◆ PROBLEM DETAILS
Among the entries below, copy only the span from the line containing "jogo 631 paga de verdade" through the line containing "portada Compost use". Do so exactly, and skip the pictures.

◆ RECORDS TO PROCESS
········
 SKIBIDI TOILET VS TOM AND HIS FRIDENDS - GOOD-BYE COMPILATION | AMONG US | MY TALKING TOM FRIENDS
········
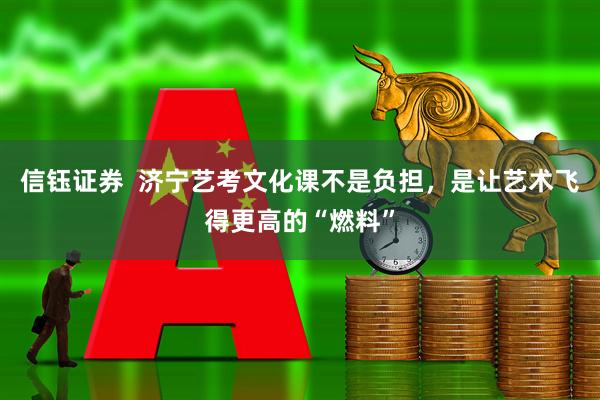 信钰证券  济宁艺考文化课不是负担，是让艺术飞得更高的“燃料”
········
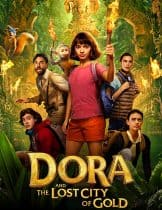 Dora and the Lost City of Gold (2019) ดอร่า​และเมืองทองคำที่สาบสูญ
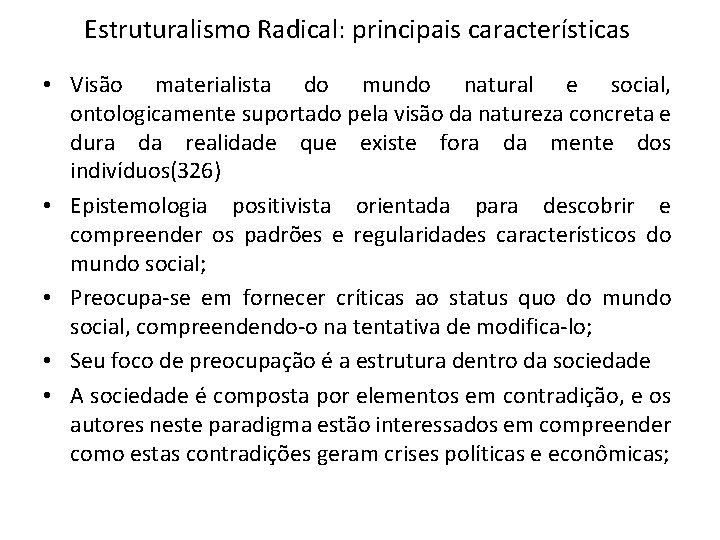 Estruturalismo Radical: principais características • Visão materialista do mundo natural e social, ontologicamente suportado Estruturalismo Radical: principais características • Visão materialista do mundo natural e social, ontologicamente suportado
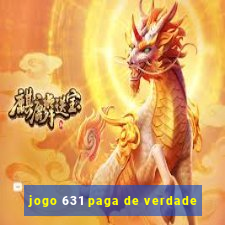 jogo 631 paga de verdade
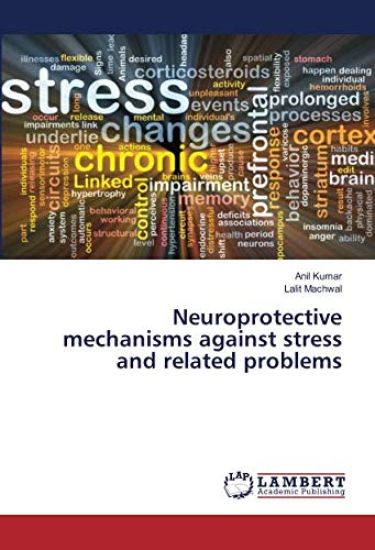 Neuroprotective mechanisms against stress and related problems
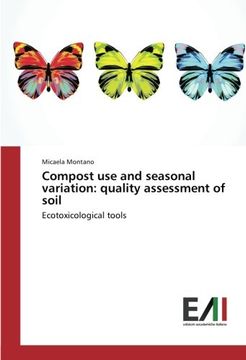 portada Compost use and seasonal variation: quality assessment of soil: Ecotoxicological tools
········
◆ EXPECTED ANSWER
 jogo 631 paga de verdade
 Neuroprotective mechanisms against stress and related problems
 portada Compost use and seasonal variation: quality assessment of soil: Ecotoxicological tools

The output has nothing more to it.